The article by Professor Changrong Yan (1706) follows one we published in 2014 (1416) which addressed some of the challenges which this technology presents.
Use of plastic film is certainly not new; it was used to establish maize in early trials in Britain in the 1970s and is widely used in Europe today, e.g. for early carrot production on sandy, dry land, for the same reasons as in China – warming of the soil under the film allows earlier and better crop establishment.
This is especially true in dry areas with cold springs such as China’s Loess plateau, where there is also the benefit of moisture retention .
However, it is clear from these papers that plastic contamination causes severe pollution; a disadvantage, cancelling out many potential benefits.

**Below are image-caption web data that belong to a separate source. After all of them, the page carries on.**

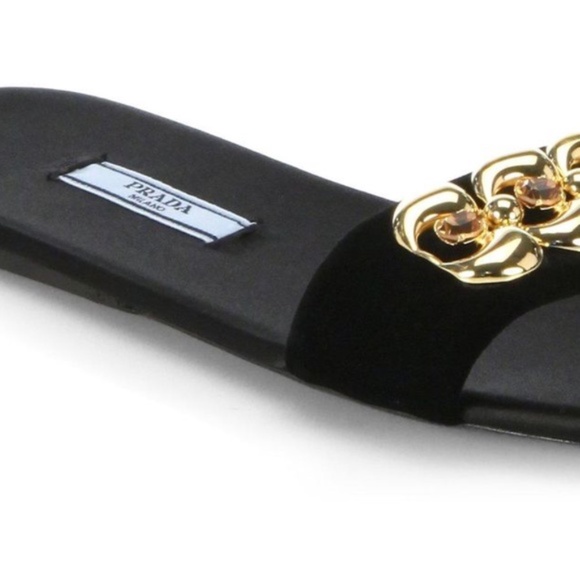New PRADA Jeweled Velvet Sandals / Slides  $750 w/ Gold & Jewels - Picture 9 of 15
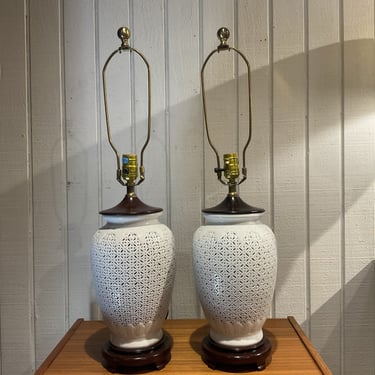 Pair of Blanc de Chine Porcelain Lamps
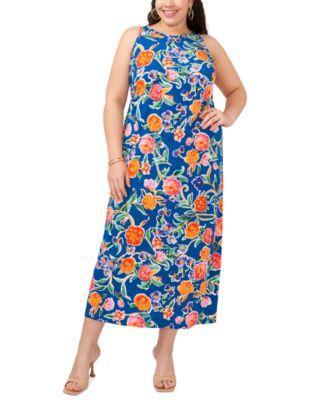 Plus Size Floral Back Keyhole Sleeveless Dress Product Image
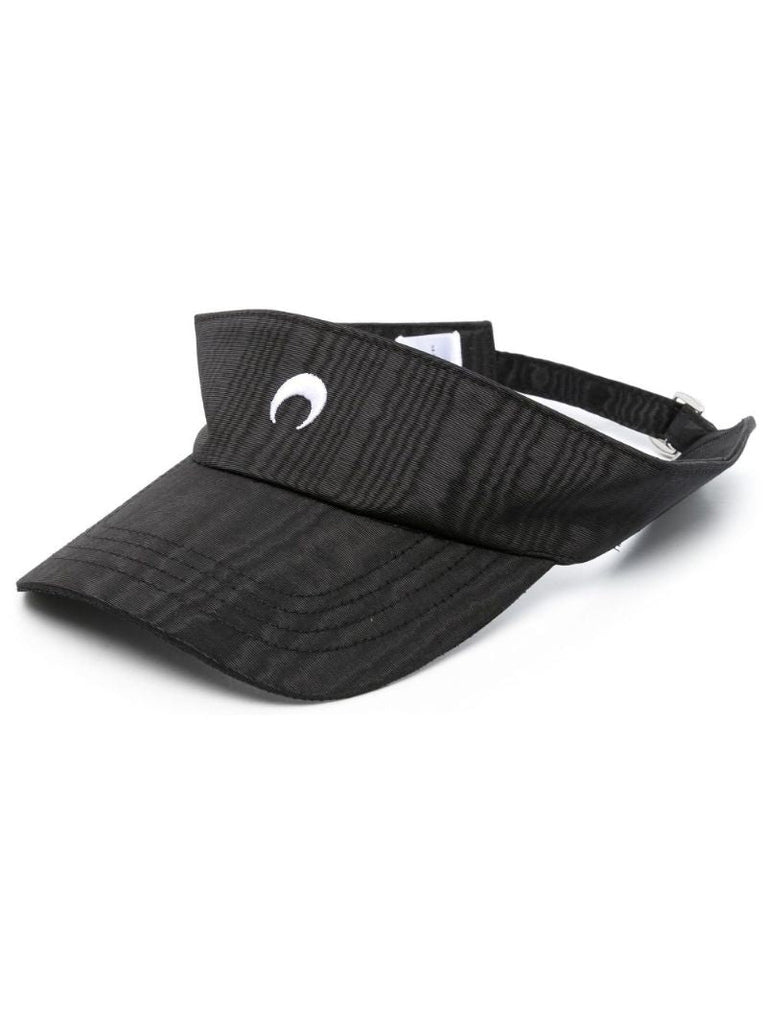 Black Logo Embroidered Visor Cap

In other areas also, recovery may not be as effective us users would wish and the risk of wind damage, shredding and removing film from the fields is ever present (Figure).
Like any new technology, disadvantages seem to have taken some years to present in the wider environment. However, in the interim, to the individual grower, the benefits of early crop establishment leading to an earlier harvest, often with higher yields are significant.
This is particularly the case where production costs are decreased as the earlier establishment frequently increases crop marketability and thus financial returns.
The early innovator often adopts the technology before disadvantages become apparent. In the process he may derive a number of substantial economic benefits. He is also able to detect and help solve problems early.
In modern society we have tended to become risk averse and adopt the so-called ‘precautionary principle’ when new technologies are developed.
There is often felt to be a need to regulate any new technology on the grounds that it might have adverse impacts, especially on the environment. There is a need to strike a balance between innovation, risk assessment and protection of users, consumers and the environment.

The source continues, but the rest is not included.